Sarebbe diventato il mandato numero tre, arrivando dopo la salvaguardia dell’Eurozona e il sostegno alla crescita economica nell’area.

Cambio euro-dollaro tra inflazione, crisi e tassi

In altre parole, poco importa se l’inflazione nell’Eurozona sia schizzata al 7,5% in aprile, record storico da quando esiste l’euro. L’istituto non riesce ad alzare i tassi, perché teme che ciò provochi un innalzamento del costo del debito insostenibile per paesi come l’Italia. D’altra parte, la guerra in Ucraina sta colpendo direttamente il Vecchio Continente e per il momento non l’America. Dunque, la Federal Reserve sta alzando i tassi d’interesse e continuerà a farlo a passo veloce nei prossimi mesi per battere l’inflazione. La BCE ritiene di non poterselo permettere.

Per questo il cambio euro-dollaro sarebbe destinato a restare debole e a contrarsi maggiormente nei prossimi mesi. L’Eurozona rischia di entrare in recessione, per cui la BCE tentennerà sul rialzo dei tassi. Nel frattempo, la FED sarà pressata per battere l’inflazione, anche perché questo è diventato il capitolo più spinoso per l’economia americana prima delle elezioni di metà mandato a novembre. L’amministrazione Biden non può permettersi i lusso di lasciar correre ulteriormente i prezzi al consumo, altrimenti rischia una batosta storica in occasione del rinnovo del Congresso.

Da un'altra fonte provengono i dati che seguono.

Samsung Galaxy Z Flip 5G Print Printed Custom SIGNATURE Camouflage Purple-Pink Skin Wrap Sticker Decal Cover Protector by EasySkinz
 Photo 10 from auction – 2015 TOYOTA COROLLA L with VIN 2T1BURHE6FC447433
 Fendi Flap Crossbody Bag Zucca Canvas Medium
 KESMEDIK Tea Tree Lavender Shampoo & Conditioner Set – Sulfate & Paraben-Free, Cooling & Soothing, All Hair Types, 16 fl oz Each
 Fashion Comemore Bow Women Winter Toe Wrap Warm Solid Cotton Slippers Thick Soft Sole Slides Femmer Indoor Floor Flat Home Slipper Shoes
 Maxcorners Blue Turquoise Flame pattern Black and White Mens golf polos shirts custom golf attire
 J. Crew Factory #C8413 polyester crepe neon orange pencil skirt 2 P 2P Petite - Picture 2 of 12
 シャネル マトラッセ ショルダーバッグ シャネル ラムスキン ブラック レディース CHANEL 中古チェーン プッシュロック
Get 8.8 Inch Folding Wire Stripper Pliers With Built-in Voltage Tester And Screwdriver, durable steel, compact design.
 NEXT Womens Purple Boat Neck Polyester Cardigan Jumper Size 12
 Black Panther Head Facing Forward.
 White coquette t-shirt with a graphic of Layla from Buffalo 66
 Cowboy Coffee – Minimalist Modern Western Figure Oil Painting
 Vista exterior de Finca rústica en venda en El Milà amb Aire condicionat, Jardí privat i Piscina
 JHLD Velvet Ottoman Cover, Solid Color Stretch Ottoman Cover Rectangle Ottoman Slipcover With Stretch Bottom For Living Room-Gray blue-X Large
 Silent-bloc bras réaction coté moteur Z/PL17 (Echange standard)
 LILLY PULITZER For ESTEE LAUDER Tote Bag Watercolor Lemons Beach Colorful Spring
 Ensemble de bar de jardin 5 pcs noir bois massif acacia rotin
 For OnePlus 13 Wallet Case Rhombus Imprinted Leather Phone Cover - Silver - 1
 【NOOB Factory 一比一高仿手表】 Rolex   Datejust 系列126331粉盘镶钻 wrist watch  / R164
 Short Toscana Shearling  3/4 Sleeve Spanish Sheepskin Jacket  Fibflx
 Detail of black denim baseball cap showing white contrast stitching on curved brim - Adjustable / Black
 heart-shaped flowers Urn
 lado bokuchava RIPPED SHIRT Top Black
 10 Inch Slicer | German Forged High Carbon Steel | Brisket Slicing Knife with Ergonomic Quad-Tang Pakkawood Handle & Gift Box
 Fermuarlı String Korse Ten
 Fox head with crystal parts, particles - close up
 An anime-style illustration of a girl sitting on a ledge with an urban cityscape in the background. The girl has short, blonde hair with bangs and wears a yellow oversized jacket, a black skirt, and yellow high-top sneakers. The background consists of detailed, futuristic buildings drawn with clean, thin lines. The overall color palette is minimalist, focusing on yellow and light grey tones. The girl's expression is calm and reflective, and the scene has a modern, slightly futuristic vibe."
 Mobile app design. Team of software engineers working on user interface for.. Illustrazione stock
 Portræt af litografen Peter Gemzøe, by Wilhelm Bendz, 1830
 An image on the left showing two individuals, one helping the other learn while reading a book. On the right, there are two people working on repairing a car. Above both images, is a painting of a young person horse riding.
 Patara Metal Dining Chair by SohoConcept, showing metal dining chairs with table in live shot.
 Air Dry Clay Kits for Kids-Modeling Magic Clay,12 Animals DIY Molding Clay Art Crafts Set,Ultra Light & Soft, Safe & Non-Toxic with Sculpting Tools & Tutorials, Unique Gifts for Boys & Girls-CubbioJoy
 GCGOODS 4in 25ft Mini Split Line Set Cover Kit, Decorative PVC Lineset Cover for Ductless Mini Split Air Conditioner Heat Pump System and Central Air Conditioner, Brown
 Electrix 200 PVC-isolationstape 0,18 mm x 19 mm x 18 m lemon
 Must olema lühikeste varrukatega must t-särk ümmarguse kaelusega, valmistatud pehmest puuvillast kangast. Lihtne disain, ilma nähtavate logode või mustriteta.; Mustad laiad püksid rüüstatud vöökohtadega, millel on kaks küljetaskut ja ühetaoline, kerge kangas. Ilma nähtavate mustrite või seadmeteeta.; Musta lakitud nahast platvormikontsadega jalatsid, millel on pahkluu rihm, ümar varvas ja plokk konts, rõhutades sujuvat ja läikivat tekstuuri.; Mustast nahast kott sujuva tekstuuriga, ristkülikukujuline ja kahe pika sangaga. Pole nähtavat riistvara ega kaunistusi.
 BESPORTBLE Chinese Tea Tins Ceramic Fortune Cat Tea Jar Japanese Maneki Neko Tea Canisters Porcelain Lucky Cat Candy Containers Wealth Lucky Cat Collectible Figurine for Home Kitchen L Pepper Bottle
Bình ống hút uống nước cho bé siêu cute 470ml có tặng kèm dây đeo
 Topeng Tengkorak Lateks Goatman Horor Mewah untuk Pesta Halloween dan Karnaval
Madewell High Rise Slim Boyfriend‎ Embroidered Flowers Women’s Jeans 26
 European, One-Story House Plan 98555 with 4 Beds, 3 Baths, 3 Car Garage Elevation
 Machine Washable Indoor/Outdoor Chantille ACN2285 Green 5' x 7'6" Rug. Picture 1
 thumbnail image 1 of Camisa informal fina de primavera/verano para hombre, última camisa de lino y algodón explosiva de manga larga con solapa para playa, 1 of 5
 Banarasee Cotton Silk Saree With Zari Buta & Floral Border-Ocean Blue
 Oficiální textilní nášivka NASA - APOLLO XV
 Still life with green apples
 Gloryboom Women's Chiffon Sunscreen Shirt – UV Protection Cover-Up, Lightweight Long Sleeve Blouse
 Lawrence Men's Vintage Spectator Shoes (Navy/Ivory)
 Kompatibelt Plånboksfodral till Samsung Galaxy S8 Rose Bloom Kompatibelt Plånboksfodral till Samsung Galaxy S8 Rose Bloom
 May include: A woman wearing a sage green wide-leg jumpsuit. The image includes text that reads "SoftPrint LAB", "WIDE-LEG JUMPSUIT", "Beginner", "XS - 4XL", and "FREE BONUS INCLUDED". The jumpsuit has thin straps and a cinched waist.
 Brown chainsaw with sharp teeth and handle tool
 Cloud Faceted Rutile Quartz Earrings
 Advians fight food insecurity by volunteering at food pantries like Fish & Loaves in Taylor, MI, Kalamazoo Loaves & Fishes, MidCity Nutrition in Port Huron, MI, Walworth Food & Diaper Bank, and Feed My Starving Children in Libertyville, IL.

I timori per la crisi del debito

Tuttavia, il gestore di Amundi, Vincent Mortier, giudica “un errore” il fatto che la BCE abbia ignorato il cambio euro-dollaro. Più esso s’indebolisce, maggiore l’impatto sull’inflazione nell’Eurozona. Ieri, il tasso di aprile in Germania è stato confermato al 7,4%, salendo al 7,8% per il dato armonizzato. Si tratta del livello più alto da una quarantina di anni a questa parte. La pressione per ottenere un rialzo dei tassi BCE esiste ed è forte, ma il problema resta sempre lo stesso: senza meccanismi d’intervento automatici per spegnere possibili focolai di spread, la stretta monetaria rischia di frammentare l’Eurozona e di spingerla verso una nuova crisi dei debiti sovrani come nel funesto biennio 2011-’12.